14. Naar oordeel van het hof is dat het geval. De kipper was geladen met gehakselde mais. Dit is een lading die weg kan waaien. Daar komt bij dat de lading boven de schotten uit kwam. Uit de verklaring van de verbalisant blijkt dat er daadwerkelijk mais is afgewaaid. Dit kan gevaar of hinder opleveren voor overige weggebruikers. Dat de bestuurder geen mais heeft teruggevonden op de afgelegde route doet hier niet aan af, omdat op zichzelf al de situatie waarbij hinder of gevaar
kanontstaan verboden is.
15. Dat de verbalisant niet volgens de aanwijzing in het Feitenboekje in de laadbak heeft gekeken geeft op zichzelf geen aanleiding om aan gegevens in het dossier te twijfelen.
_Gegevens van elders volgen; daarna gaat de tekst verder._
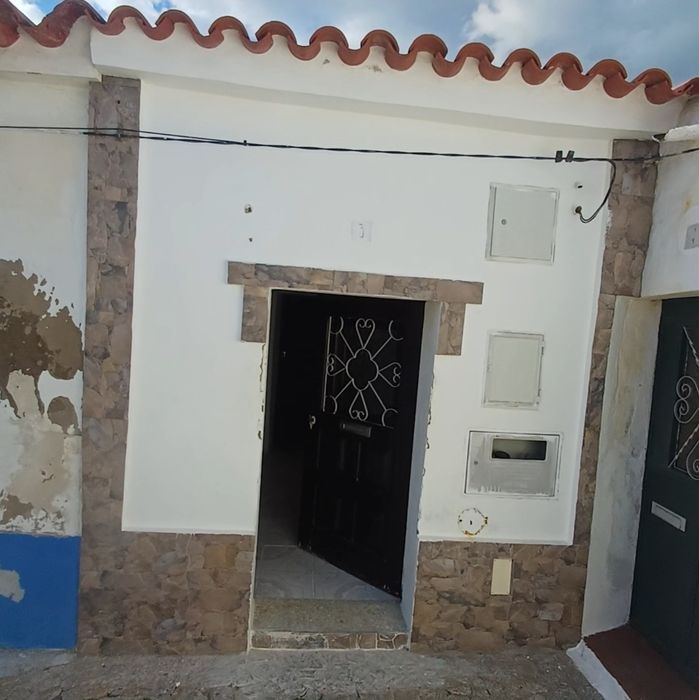 Casas T2, com quintal, com 138.7m2
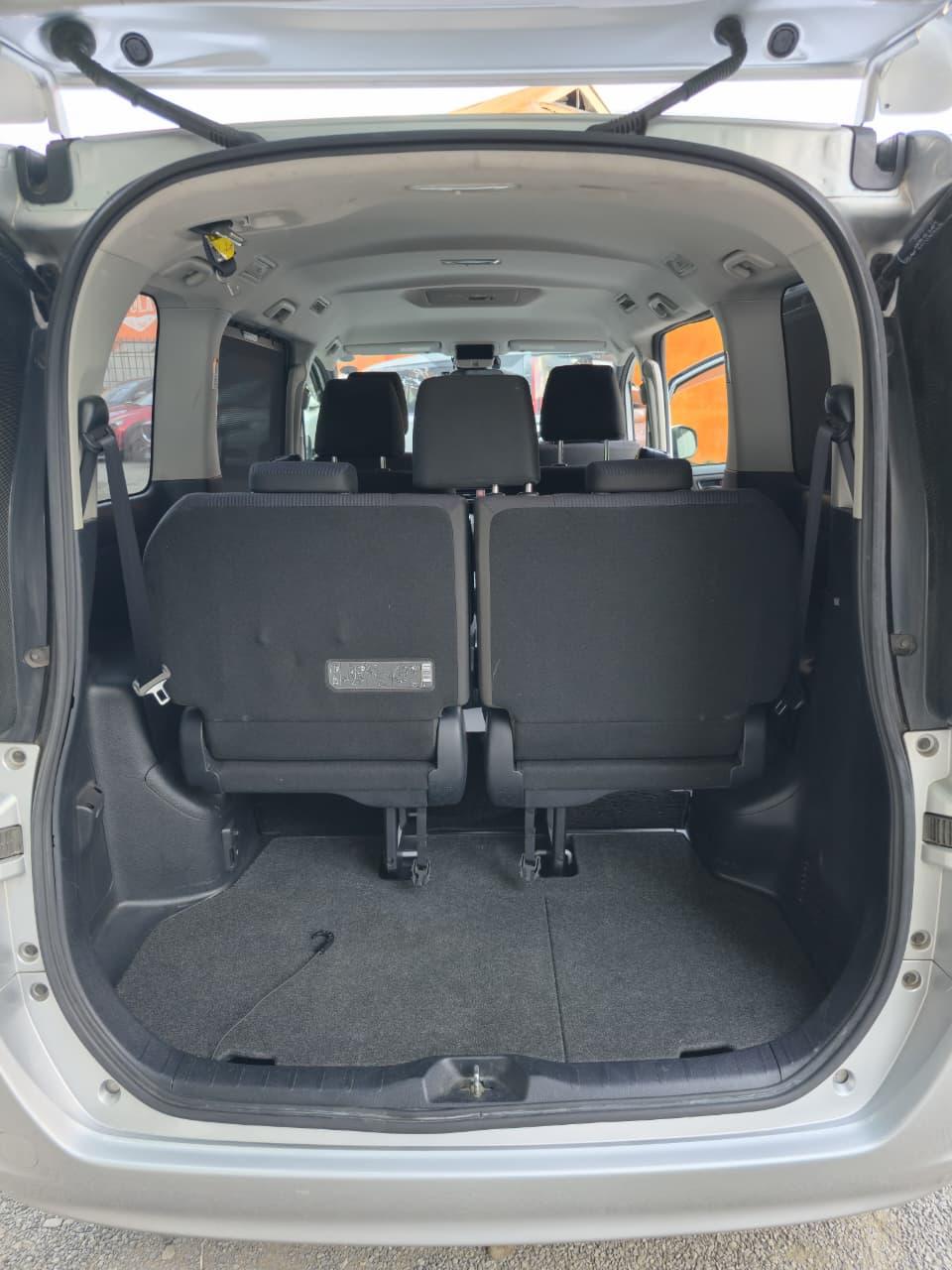 Toyota Voxy Hybrid thumbnail 9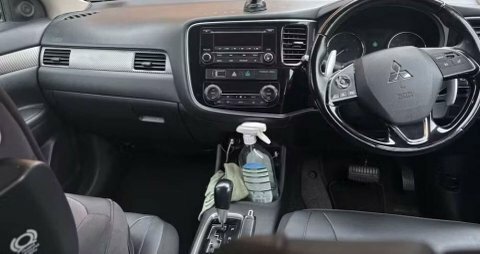 Mitsubishi Outlander Suv Black #7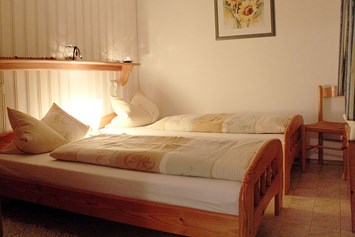 Monteurzimmer: Schlafzimmer mit Einzelbetten - Ferienhof Fischerhof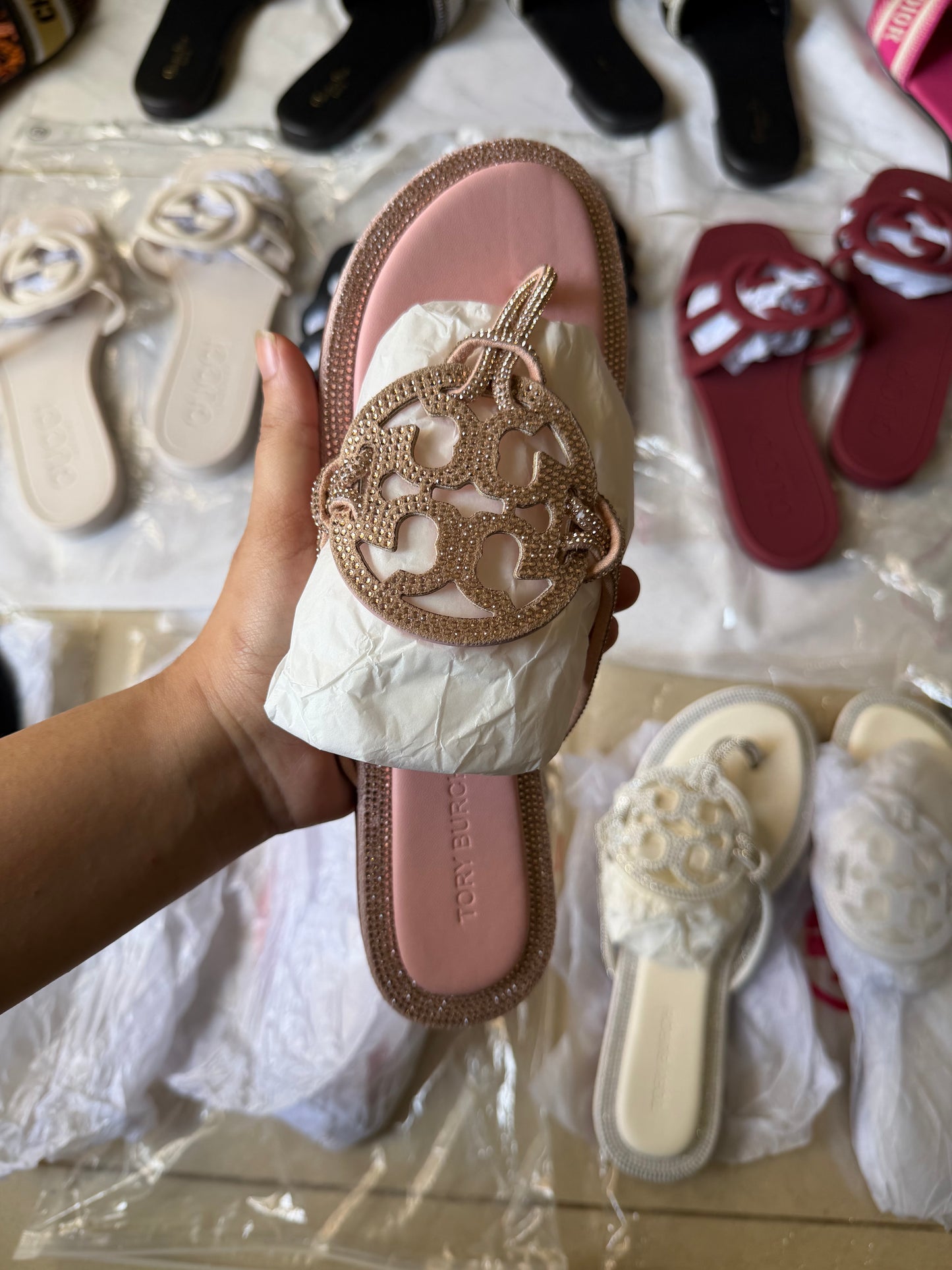 TB famous brand slipper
De aanwijzing richt zich tot de verbalisant, dus de gemachtigde kan daar geen beroep op doen. Bovendien blijkt uit de foto's dat de gehakselde mais in het midden boven de laadbak uitkwam. De aard van de lading maakt dat, ook al zou er onder de randen van de bak zijn geladen, de mais weg kan waaien en dus gevaar of hinder kan veroorzaken.
16. Tot slot merkt het hof nog op dat de verbalisant in zijn aanvullend proces-verbaal na ondertekening achter zijn naam "op ambtseed" heeft gezet, en dat is voldoende om het als een ambtsedig proces-verbaal aan te merken. Bovendien is in vaste rechtspraak van het hof bepaald dat ook op basis van een niet-ondertekende verklaring kan worden vastgesteld dat een gedraging is verricht.
17. Gelet op het voorgaande stelt het hof vast dat de gedraging is verricht en daarvoor terecht een sanctie is opgelegd. De kantonrechter heeft het beroep terecht ongegrond verklaard. Daarom zal het hof die beslissing bevestigen.